*Exercise directions*
All lines from the one holding "HELLO MILK TEE- 86111 翻領襯衫(配大腸圈)" to the end of the listing are to be output exactly, both ends included, with any pictures left out.

*Supplied material*
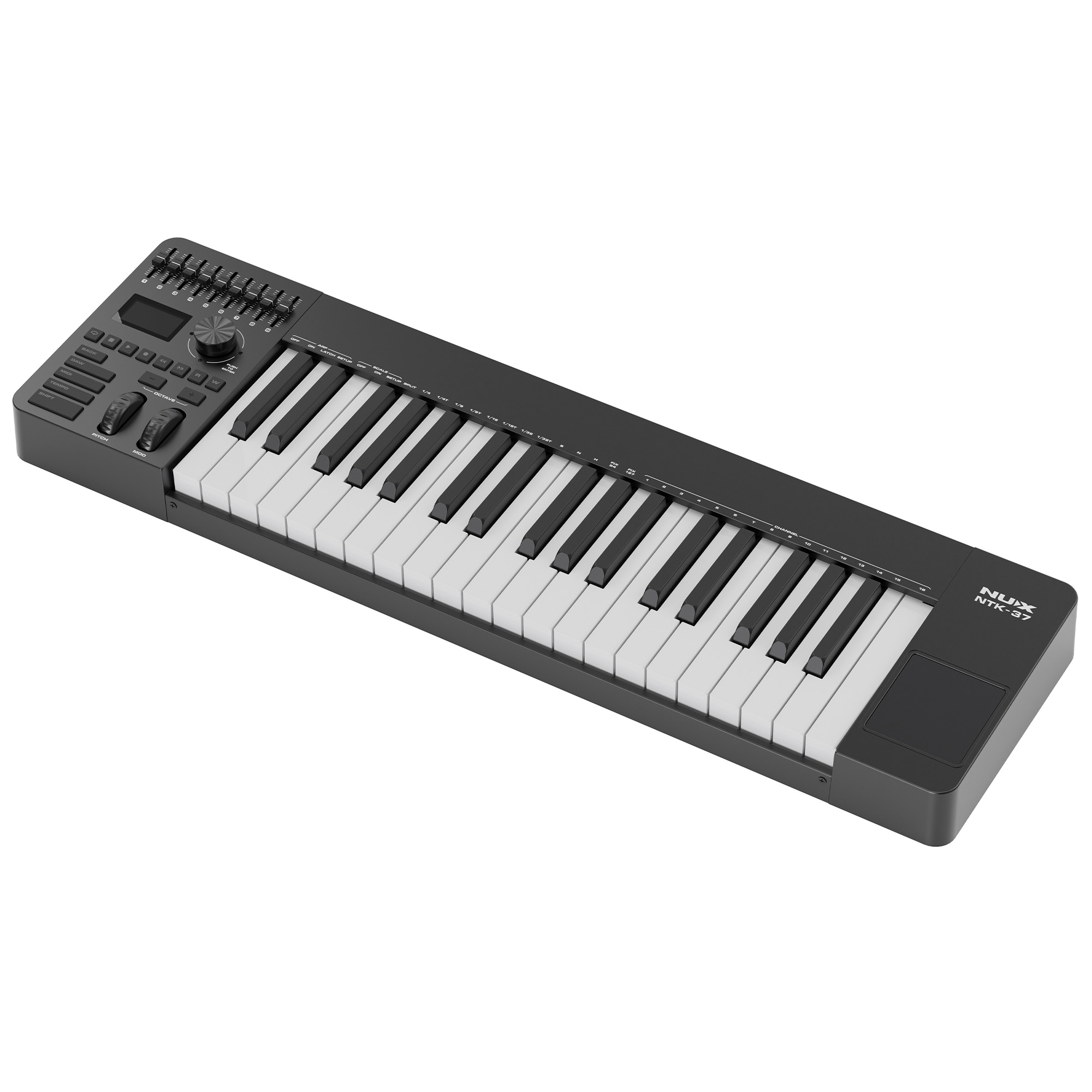 NUX NTK-37 Midi Keyboard Controller - Black - 3 Years Warranty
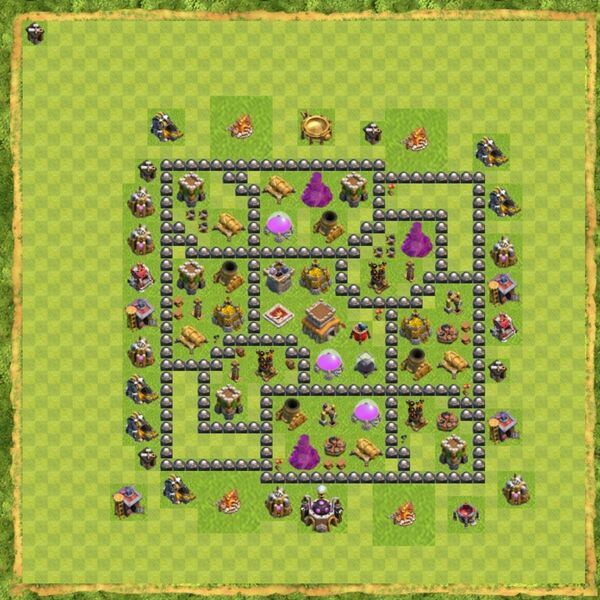 Base Defense Coc Th 8 Terbaru 4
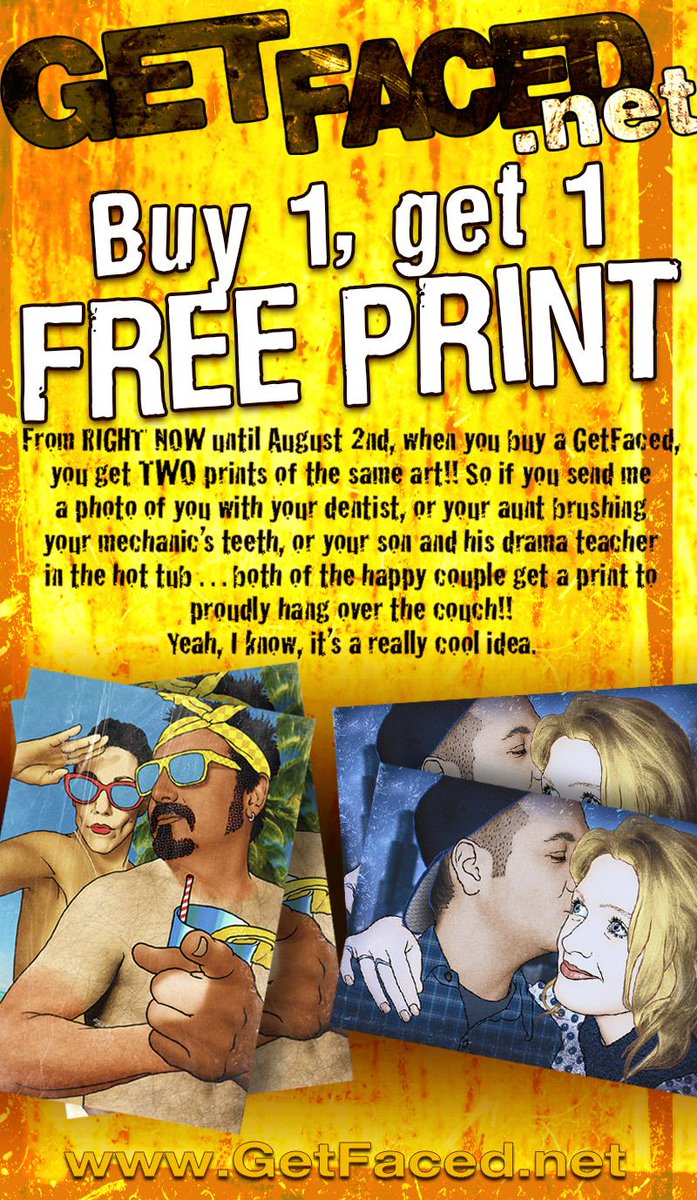 Hi GetFaced.net is having a sale!!!!! #art #customart #gift #awesome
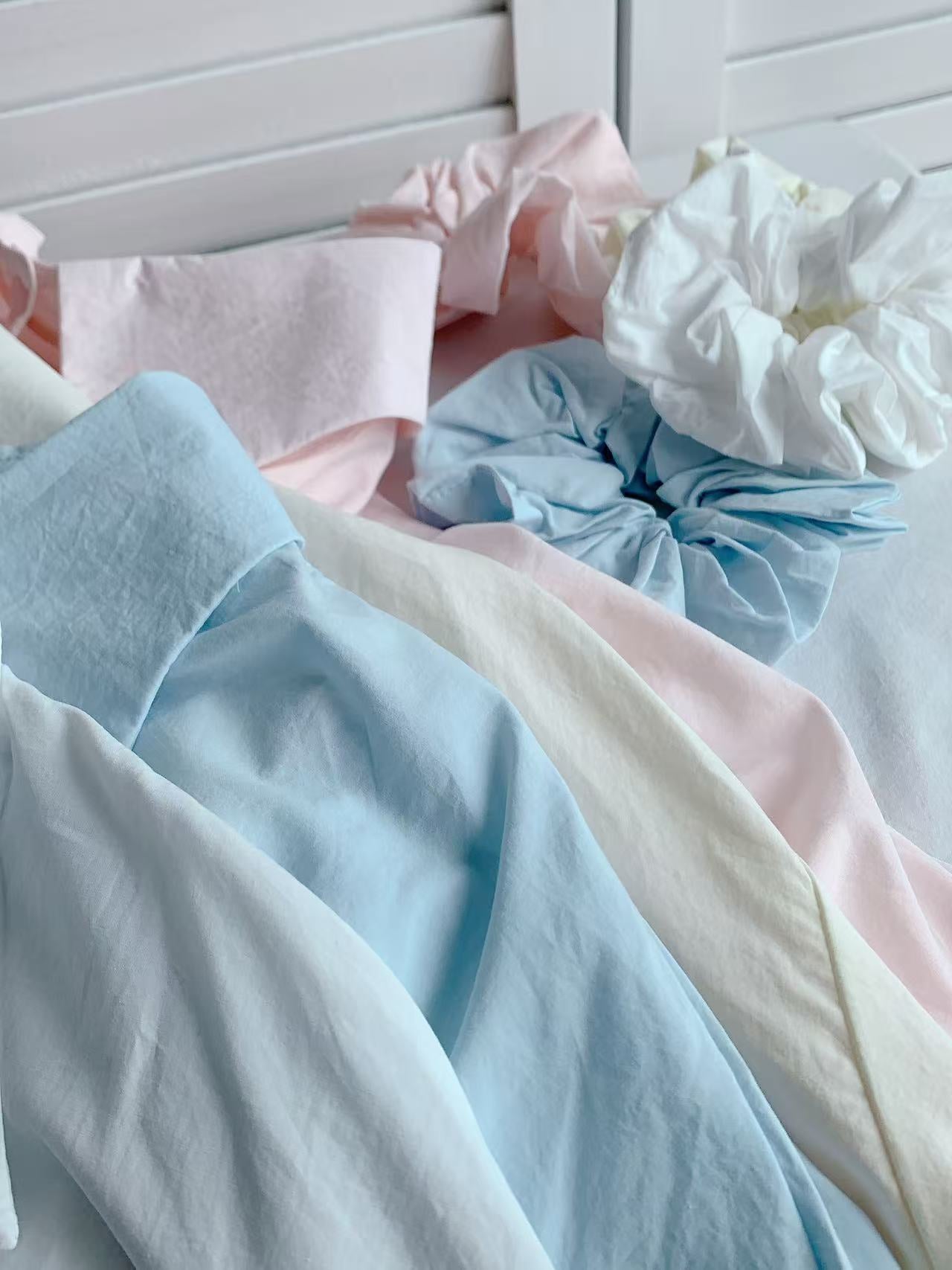 HELLO MILK TEE- 86111 翻領襯衫(配大腸圈)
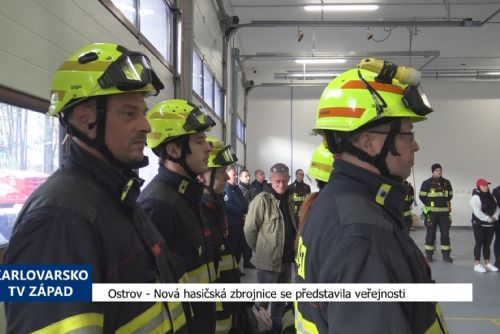 Foto: Ostrov: Nová hasičská zbrojnice se představila veřejnosti (TV Západ)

*Output for this exercise*
 HELLO MILK TEE- 86111 翻領襯衫(配大腸圈)
 Foto: Ostrov: Nová hasičská zbrojnice se představila veřejnosti (TV Západ)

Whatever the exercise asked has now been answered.